PROBLEM TO SOLVE -
Set down, word for word, only the lines from the start of the records through the line bearing "emmanuel-macro"; include no pictures.

INPUT MATERIAL -

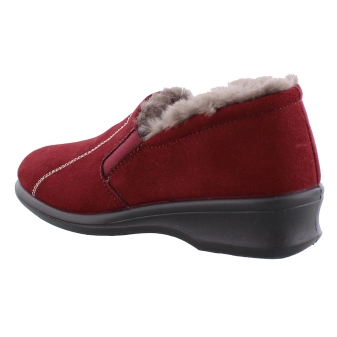 Rohde 2516 bordo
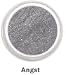 Angst Goth Collection - 2 grams - Powder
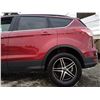Image 30 : C6B --  2013 FORD ESCAPE SE AWD, Red, 171966 KM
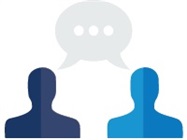 Do You Use a Customer-Centric Marketing Approach?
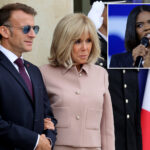 emmanuel-macron,-wife,-sued-candace-owens-in-us-to-dodge-french-legal-deadline:-podcaster’s-lawyers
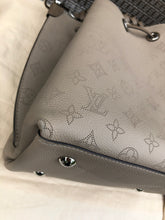 Load image into Gallery viewer, Louis Vuitton Muria Mahina Galet gray
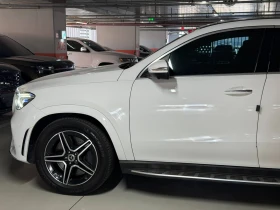 Mercedes-Benz GLE 400 AMG Package, снимка 14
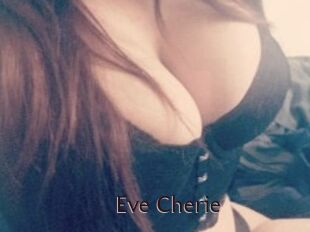 Eve_Cherie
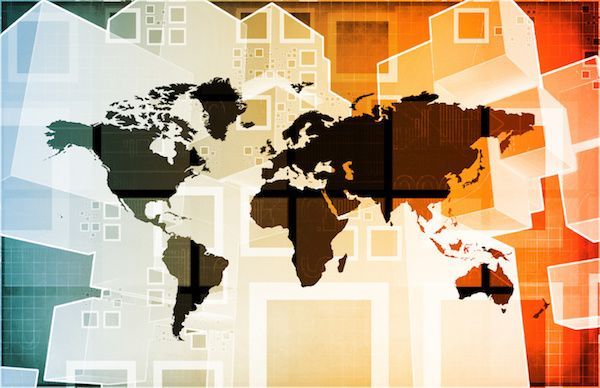 making the case for export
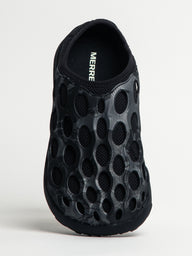 MENS MERRELL HYDRO MULE SE - CLEARANCE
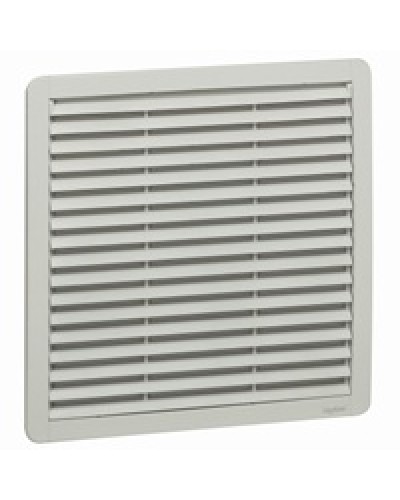 Вентилятор Legrand 034854 в Березниках Вентиляторные модули Pintop.ru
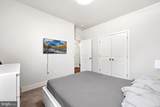 5361 Kings Canyon Ct - Photo 11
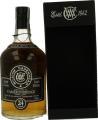 Cameronbridge 1989 CA Black Label 46% 700ml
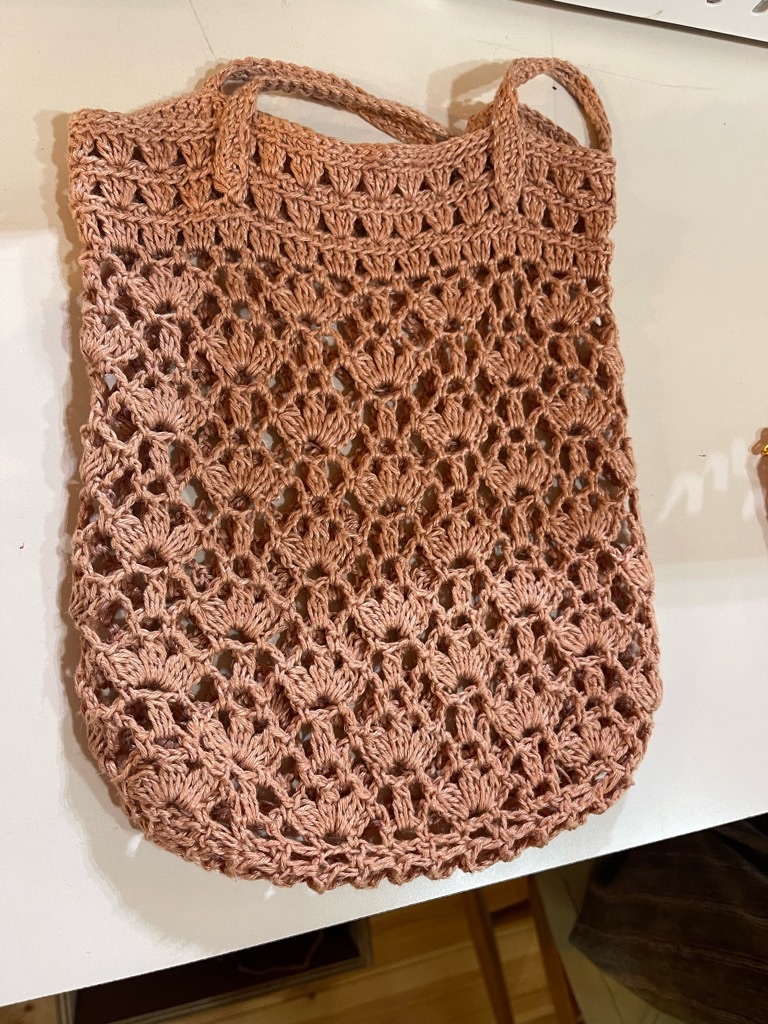 f:id:zappa38:20230415185954j:image f:id:zappa38:20230415185954j:image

SOLVED EXERCISE -
 Rohde 2516 bordo
 Angst Goth Collection - 2 grams - Powder
Image 30 : C6B --  2013 FORD ESCAPE SE AWD, Red, 171966 KM
 Do You Use a Customer-Centric Marketing Approach?
 emmanuel-macron,-wife,-sued-candace-owens-in-us-to-dodge-french-legal-deadline:-podcaster’s-lawyers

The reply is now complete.